Normally when I flip through the world wide web and its various personal finance articles I lovingly shake my head in disgust. Typically I find about 99% of the material and recommendations put out there to be based on faulty personal financial practices and written by people who are not building wealth that lasts in good and bad times. But when I came across this piece in US News my attention was immediately grabbed. Although this is mainly because I now believe that Joe Udo is stalking me, it is partially because the content of the piece was spot on and couldn’t be said better by myself.
Below are Joe’s 7 ways to prepare for retirement in your 20s, along with my personal application of each.
1. Avoid consumer debt
And for that matter all forms of debt. The biggest improvement made in my personal finances came when I became debt free. Ridding myself of debt unlocked my biggest wealth building tool –> my income. Avoiding all debt has been one of the best decisions I’ve made in my life.

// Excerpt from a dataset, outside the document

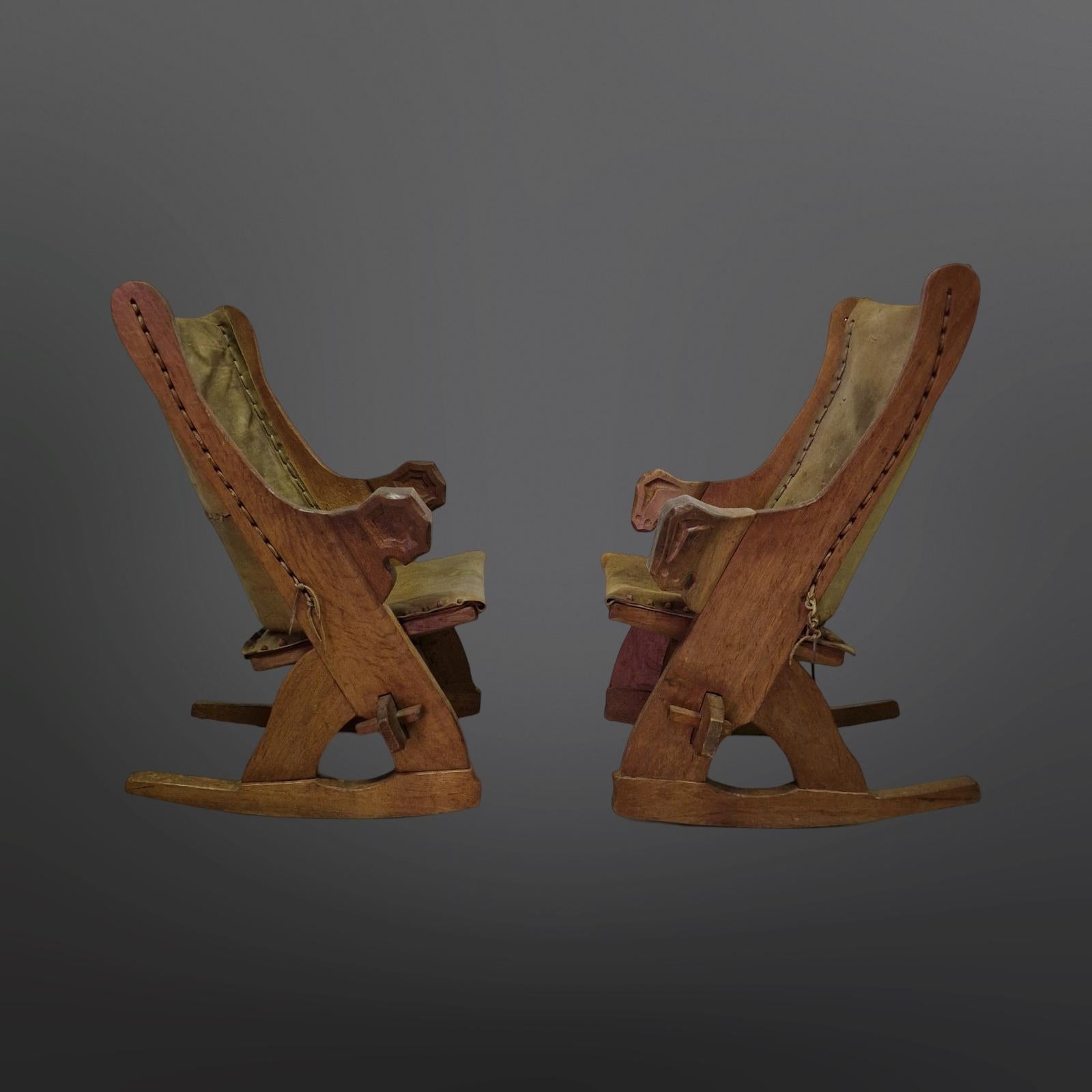 Dutch Set of 2 medieval style rocking chairs in oak and leather, Netherlands 1960s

2. Avoid lifestyle inflation
This has been an amazing ingredient in our formula for financial peace. While it’s true that having a large income solves a lot of problems, I am also a proponent of the motto that follows, “the best defense leads to a great offense.” While our household income has steadily rose since we entered the workforce we have maintained a standard of living that equals out to a little more than $20,000 a year. I’ll sum up with this: Income can fluctuate but you can always control expenses.
3. Grow your income
In our debt busting days we worked and saved liked animals. I racked up as much overtime as I could at work and my wife even took up a part-time job teaching English as a Second Language. Dave Ramsey’s grandma said it best, “There’s a great place to go when you need money…to work!” I know in my life, sacrificing for a short while with an end goal in mind paid off huge and then some once we became debt free.

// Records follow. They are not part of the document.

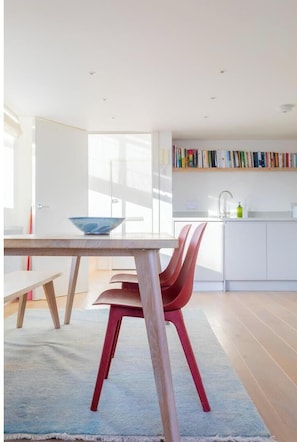 A modern kitchen with a dining area, featuring a wooden table, red chairs, and a blue bowl on the table.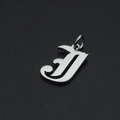 Macro view of Gothic letter J pendant in polished silver stainless steel for DIY jewelry - Letter J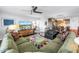 Open-concept living area features a dining area and is connected to a modern kitchen at 4651 1St Ne St # 402, St Petersburg, FL 33703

4. Sign up for a 401k account and start saving
As an overlay once we became debt free we aimed to save around 15% of our gross income in retirement accounts. I currently contribute 4% to my 401k (currently no match offered) and my wife contributes 6% to hers (100% match up to 6%). While the options in IRAs are more extensive than those offered in 401ks, my wife’s immediate 100% returns and my keeping 4% away from being stolen by D.C. fuel the road to financial peace.
5. Open a ROTH IRA
In a ROTH I contribute 11% (bringing me to 15% total savings towards retirement) of my gross income and my wife 6% (her total to 12%). The trade off in a ROTH is that while I do not get a current tax year deduction on contributions, the growth is tax free. In an example say today I invested $1,000 into a ROTH IRA into a growth stock mutual fund that made average annualized returns of 12%. In 2012 I cannot deduct $1,000 from my tax bill. But when I retire, without any further contributions, that $1,000 is now worth $51,435.75, growth totaling $50,435.75…tax free J
6 & 7 Open a taxable brokerage account/buy income producing assets
I consider these last 2 one in the same. Beyond retirement vehicles we place a priority on saving and investing. So beyond the 15% gross income that we set aside for retirement, we utilize a taxable brokerage account to invest and build wealth so that we can have access to some of our wealth without the restrictions of needing to be at retirement age. We do not buy things that depreciate in value such as: cars, jewelry and designer clothes. I buy my clothes at thrift stores and dumpster dive for my living room furniture and invest what I would have spent on those items paying retail.
So kudos to you Joe Udo, these are 7 great principles.